Smithwick's, Our Drink of the Week!

Smithwick's, Our Drink of the Week!

"Beer is just a beer, but Guinness is a steak."

Those words, blurted out by a college-age chap from a blubbering-drunk party riding in the car behind ours on the last outbound train from London one night four years ago, has stuck with my family to this day. We'll repeat it to one another like the most sage line in Roget's.

Couldn't agree more with the Grand Duke of Pissed, but he should have added that if you crave the Kobe beef of Guinness, you really must go straight to the source in Dublin.

But what if you don't want a steak? What if you (and your arteries ... and your bowels) have had it with porterhouses night after night? For me, two Guinness stouts in one sitting is my max (and if they're chasing Jameson shots, look out!).

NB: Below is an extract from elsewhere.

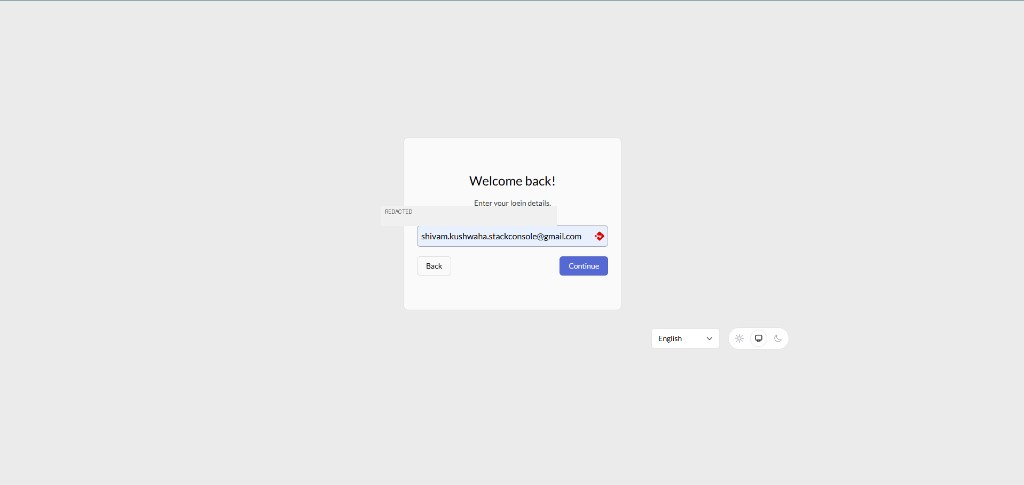 Screenshot: Zitadel login name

My go-to when I'm in the mood for Irish, but not a steak, is a Smithwick's (pronounced smitticks) ale, which began being brewed in Kilkenny's St. Francis Abbey Brewery in 1710, making it Ireland's oldest operating brewery. The traditional red ale was quickly followed by a pale ale--in 2011.

Don't cry for Guinness if you order either; Smithwick's has been part of that former competitor's fold since 1965, and both were eventually swallowed up by London-based liquor giant Diageo, founded in 1997.

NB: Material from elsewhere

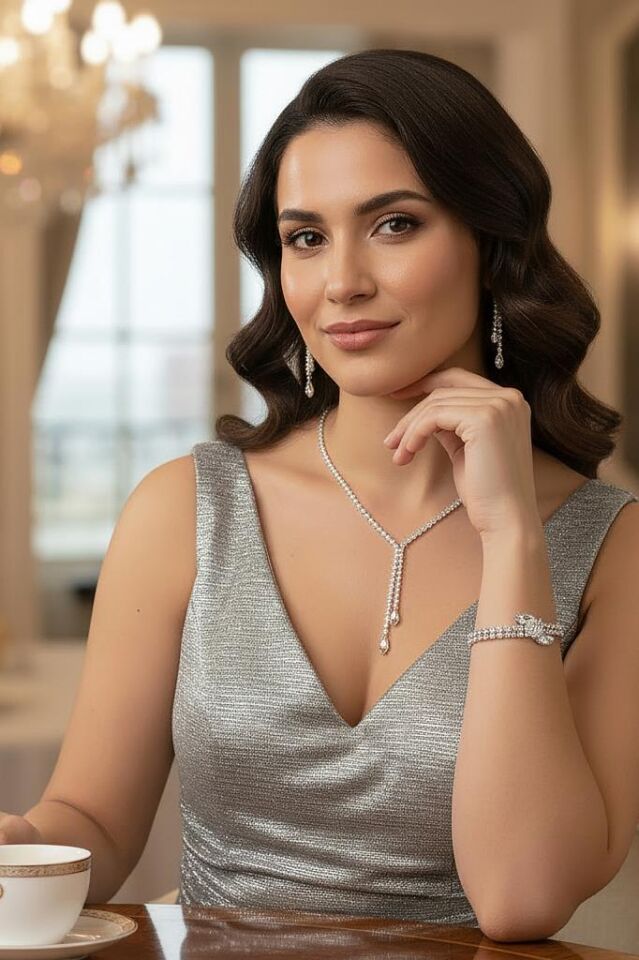 Damla Taşlı 3'lü Su Yolu Kolye, Küpe ve Bileklik Seti - Düğün, Kına, Nişan Gelin Takı Seti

What I like about Smithwick's is it has that bold beginning malty coffee jolt you associate more strongly with Guinness but then quickly settles into more complex flavors in the middle before gently tailing off into the kind of refreshing finish a domestic lager provides on a hot summer day.

It's like the best of all beer worlds in a pint, and you can down more than two (if you are into that sort of thing) without feeling as if you've torn through twin T-bones.

I am also convinced Smithwick's travels better than Guinness. It's not going to get any better than having either on the Emerald Isle. Like a heroin addict, here in the States you're forever chasing that first Guinness high from an Irish or English pub. Guinness is also brewed in the U.K., but a Brit over there swore to me that the English pubs closest to Ireland (think Liverpool) serve the best Guinness that side of the Irish Sea.

I didn't ask him to share his views about Smithwick's but whether in a bottle purchased at Hi-Time in Costa Mesa or on draft at that town's Durty Nelly's or Muldoon's in Newport Beach, it's always delivered for me like a gabby mick cabbie.